Trilogie des Mordens

Ein Kommissar am Limit

Bibliografische Information durch die Deutsche Nationalbibliothek:

Die Deutsche Nationalbibliothek verzeichnet diese Publikation in der Deutschen Nationalbibliografie; detaillierte bibliografische Daten sind im Internet über http://www.dnb.de abrufbar.

Der Autor erklärt, dass Ähnlichkeiten von Personen oder Handlungen mit dem Inhalt des Romans nicht beabsichtigt, oder nur einem Zufall zuzuordnen sind.

Copyright (2013) Engelsdorfer Verlag Leipzig

Alle Rechte beim Autor

Covergestaltung: Susanne Althöfer, Lauenburg/Elbe

Gestaltung Klappentext: Thomas Nolte vom Thono-Audio Verlag, Soderstorf

ISBN 978-3-95-488956-3

1. digitale Auflage 2013 Zeilenwert GmbH

www.engelsdorfer-verlag.de

Inhaltsverzeichnis

Cover

Zum Autor

Titel

Impressum

Inhaltsverzeichnis

Widmung

Prolog

Trilogie des Mordens

Nachwort

Für Beate,

die mir neue Kraft zur Vollendung meines Buches geschenkt hat.

Dafür bin ich ihr von Herzen dankbar.

Prolog

Der Mann aus der Drei-Flüsse-Stadt Hannoversch Münden, der hinter die dunklen Geheimnisse desjenigen gekommen ist, der ihn manipuliert und gleichzeitig Haupt einer Sekte ist, die Hydra ähnlich den Kontinent umspannt, sonnt sich im wohligen Gefühl des Siegers.

Nun wird sich alles wenden. Er, der Sieger, wird endlich die Karriereleiter hinaufklettern, deren Besteigung ihm bisher verwehrt geblieben war, und sein Leben genießen, wie er es sich immer in seinen Träumen ausgemalt hat. Gleichzeitig erfüllen den intelligenten Rechercheur Gedanken der Rache und der Befriedigung, als vor seinen Augen wiederholt die Szene abläuft, in der er den Lenker seines bisherigen Lebens von seinem hohen Ross stieß.
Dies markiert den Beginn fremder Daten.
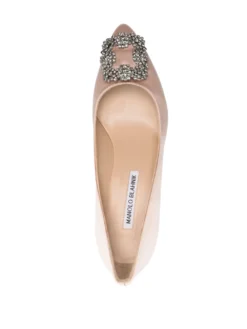 Women Manolo Blahnik Hangisi 30mm Pointed-toe Pumps -Manolo Blahnik 16476586 50559173 1000
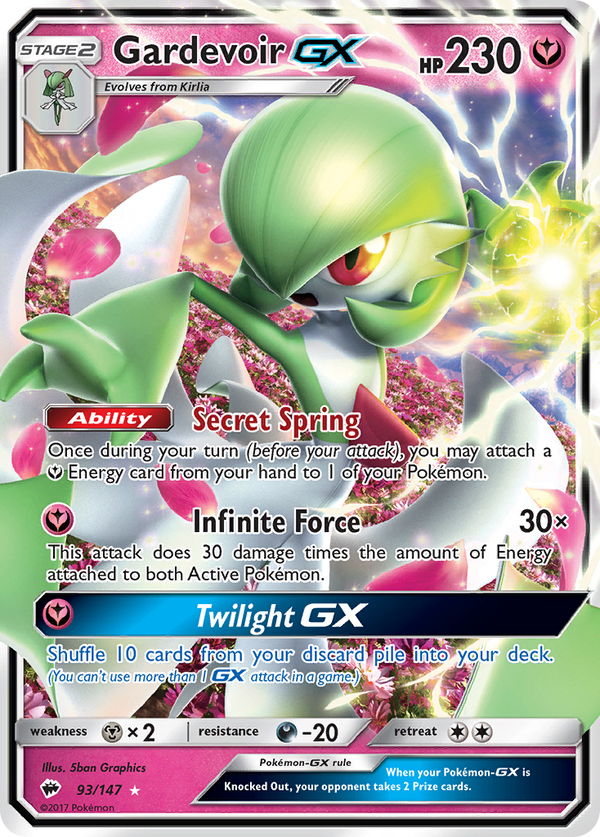 Gardevoir-GX - Burning Shadows SET-93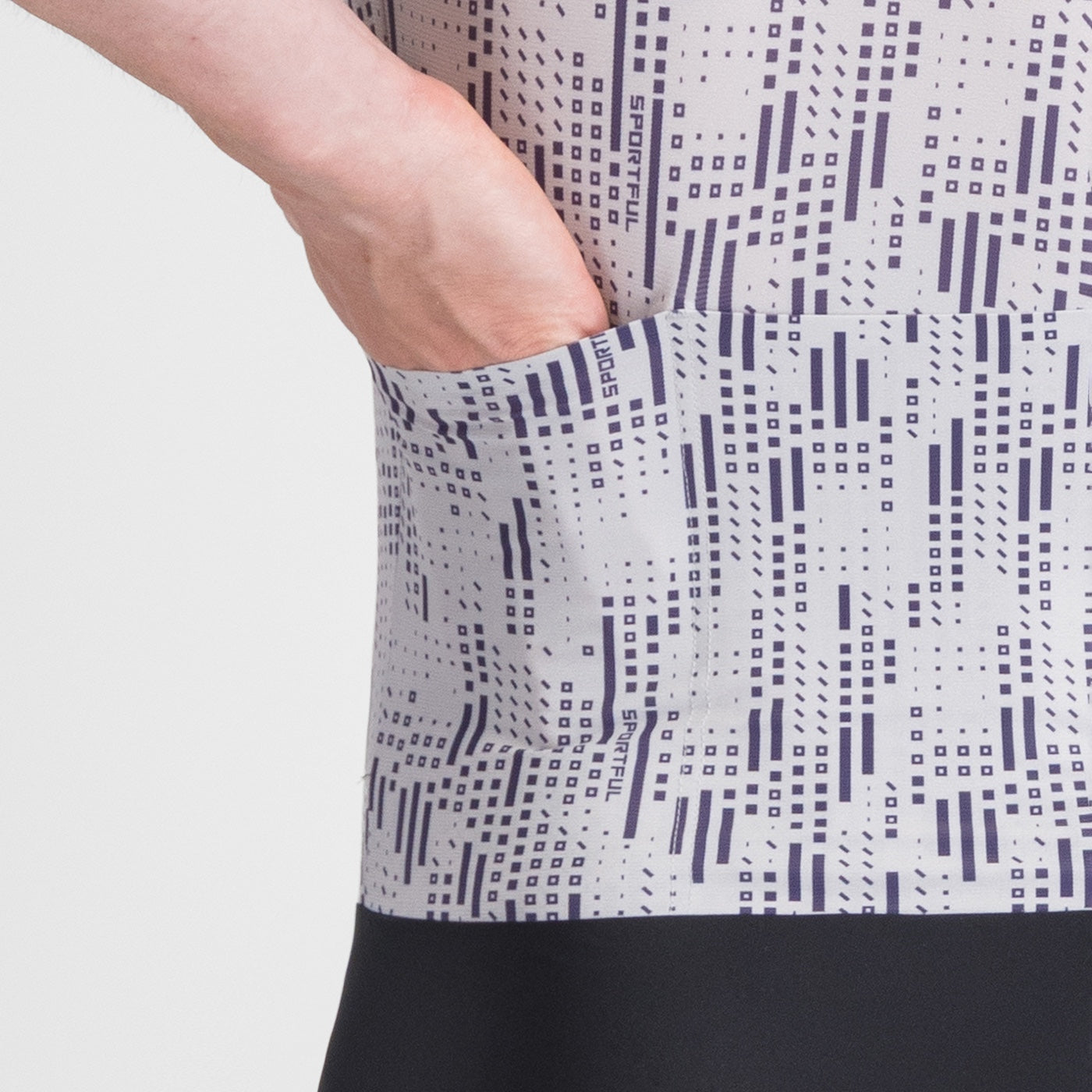 SPORTFUL G-SUIT lyhythihainen musta/harmaa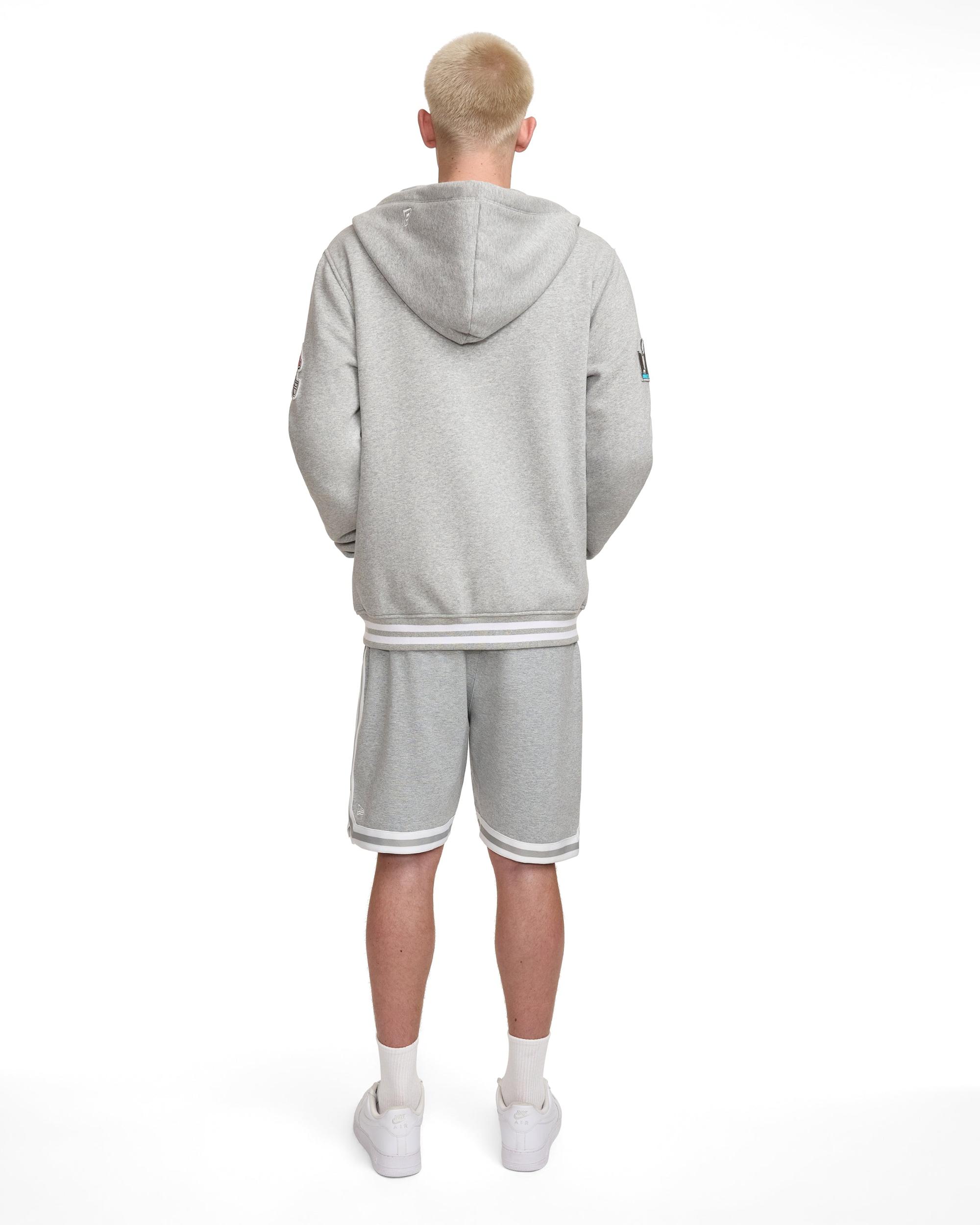 Philadelphia Eagles Gray Logo Select Full-Zip Hoodie Male Product Image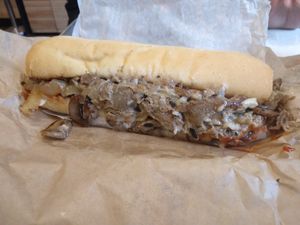 Excellent Philly cheese steak at HipCityVeg - Broad St in Philadelphia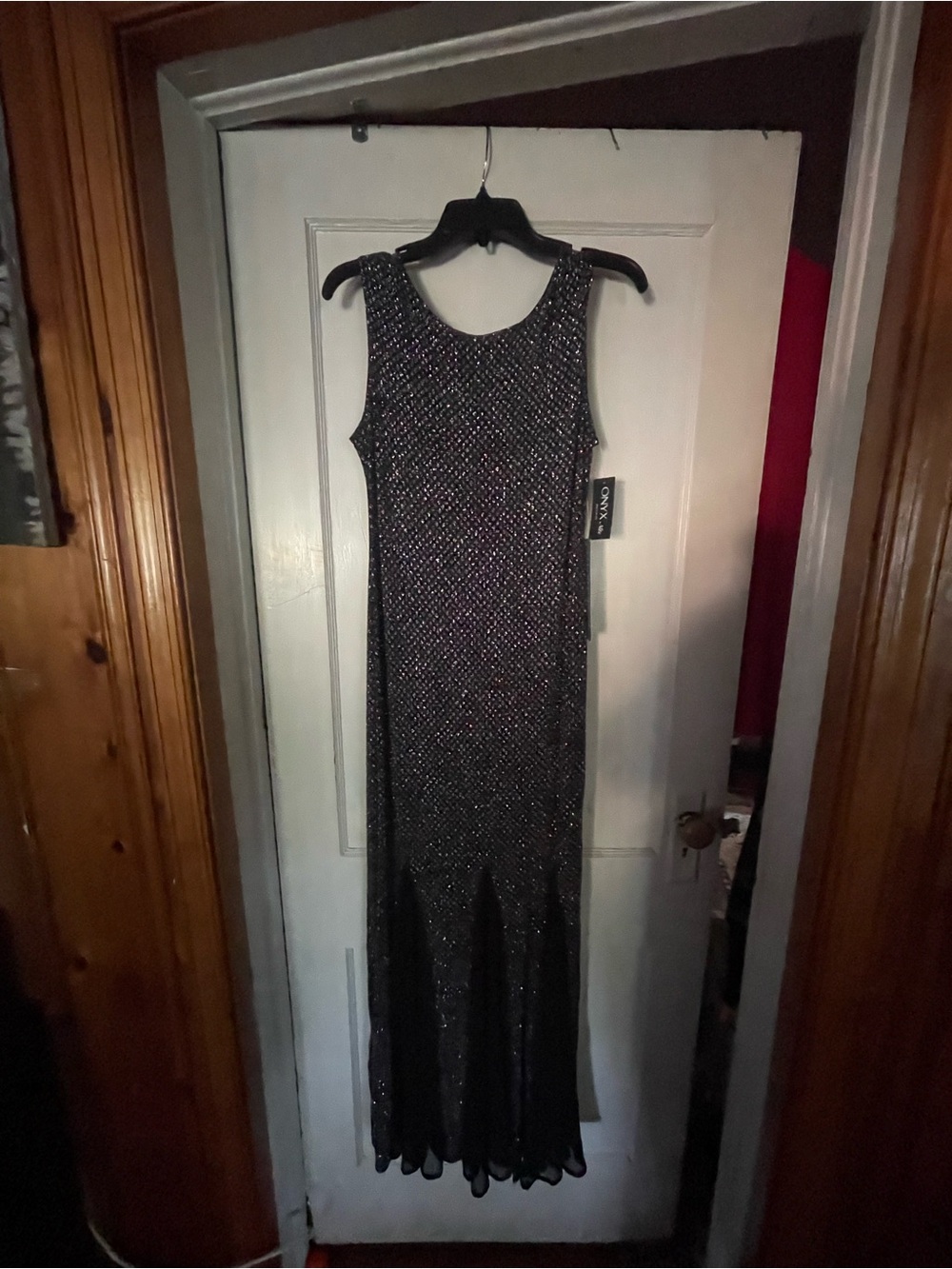 Onyx Nite Black Sequin Maxi Gown
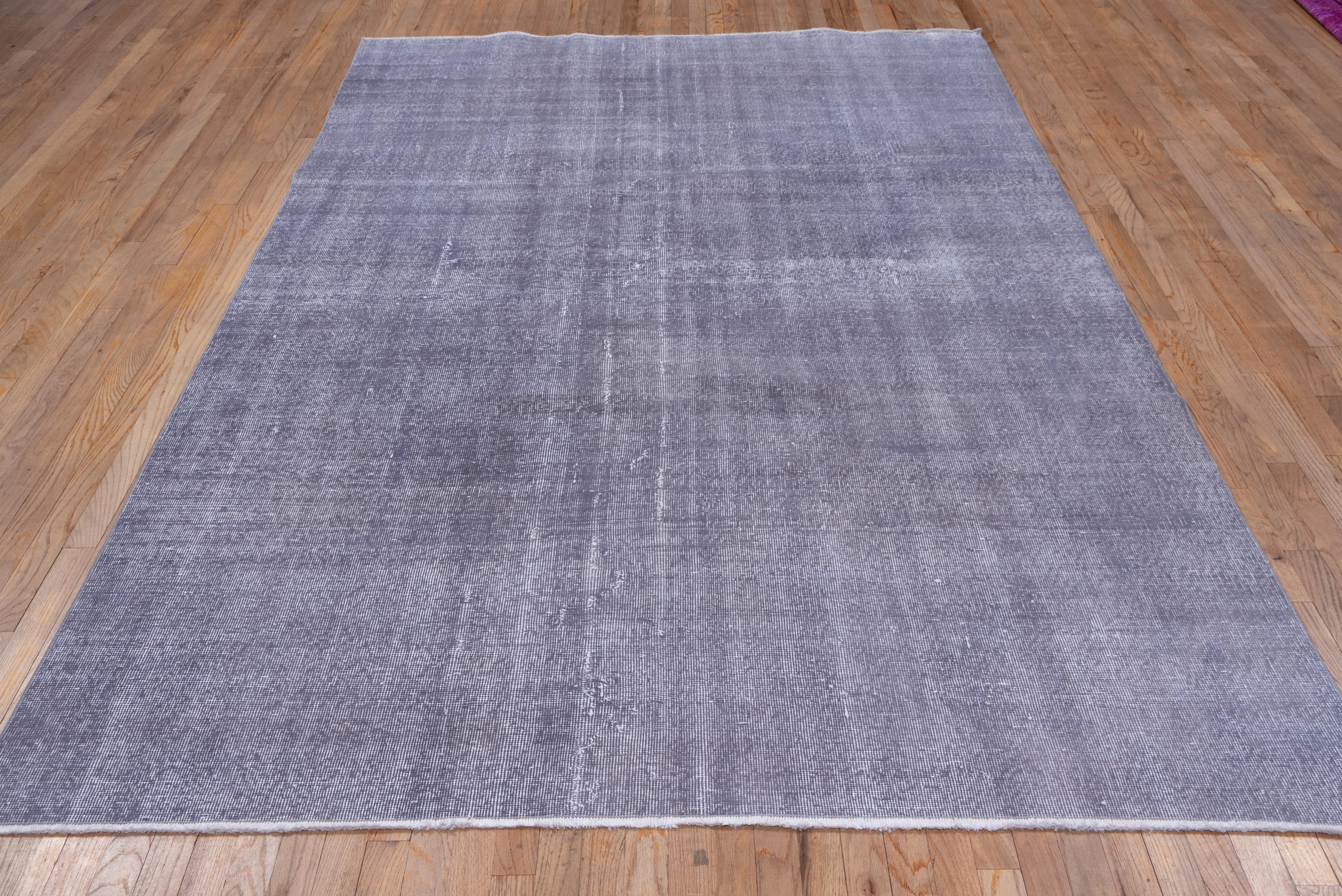 Turkish Vintage Overdyed Carpet, Soft Palette For Sale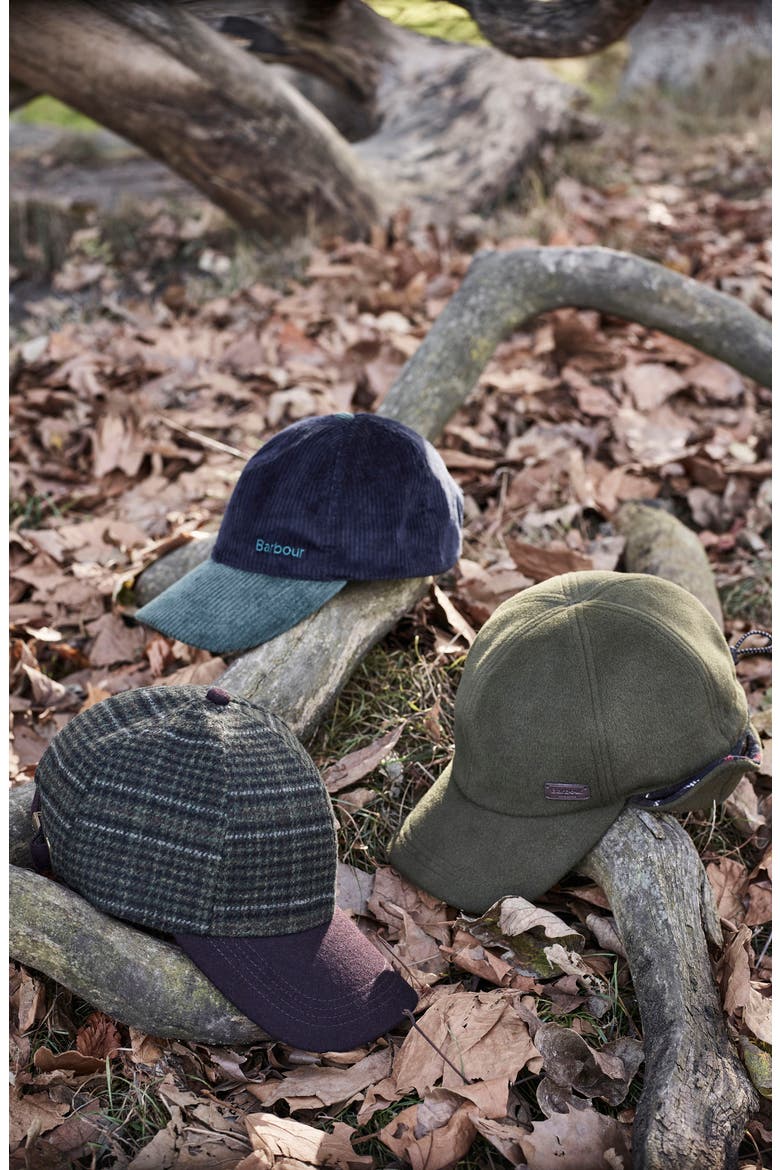 Clyde Plaid Adjustable Tweed Baseball Cap, Alternate, color, BROWN/OLIVE PLAID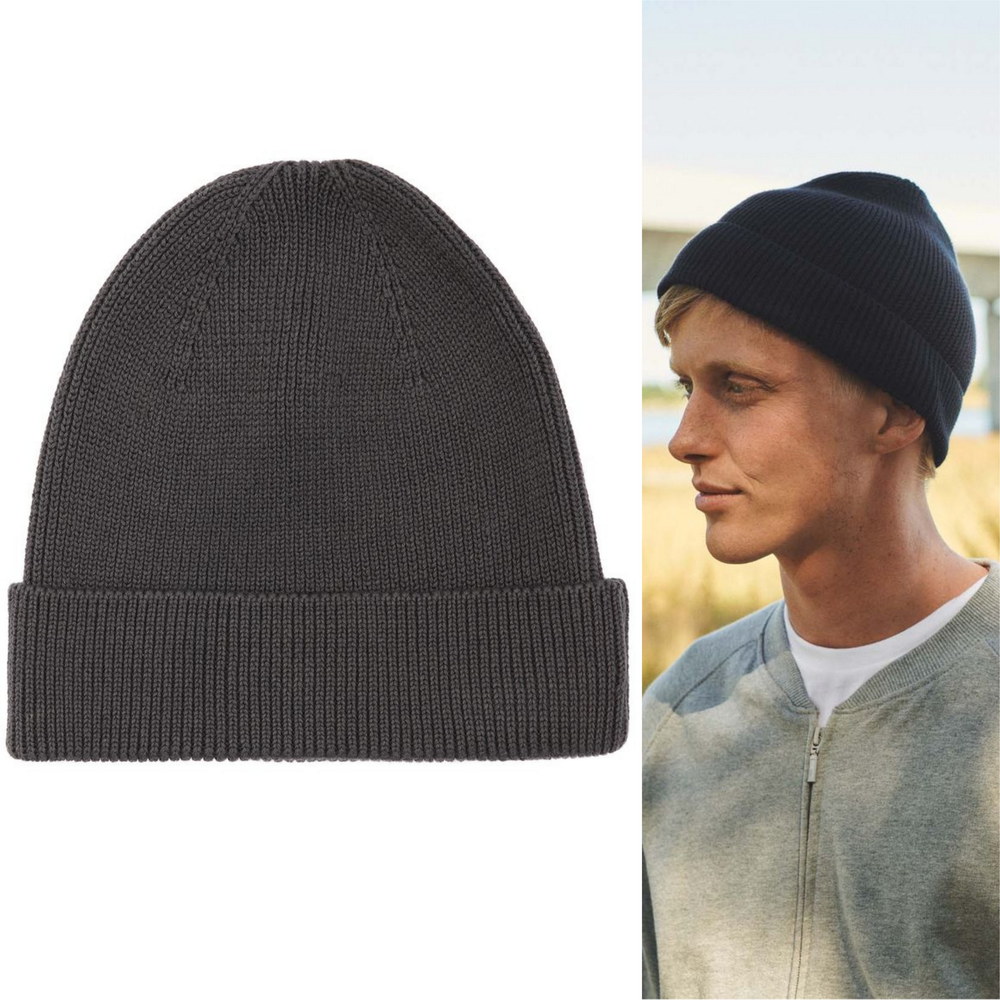 Neutral Rib Beanie, one size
Doch er ahnt nicht, dass er den mächtigen Mann unterschätzt hat, und dass die geernteten Früchte bereits wie von einem unsichtbaren, herbstlichen Verwesungshauch umweht werden.

Der gut gekleidete Reisende, der den Komfort der weichen Polster genießt, schreckt aus seinen Gedanken hoch. Die trennende Glastür ist mit einem Ruck aufgeschoben worden. Im metallenen Türrahmen steht plötzlich ein großer Mann. Sein Gesicht verbirgt sich hinter einer ABC-Schutzmaske. Wie bei der Bundeswehr zu meiner Zeit, registriert der Überraschte. Das ist nicht normal.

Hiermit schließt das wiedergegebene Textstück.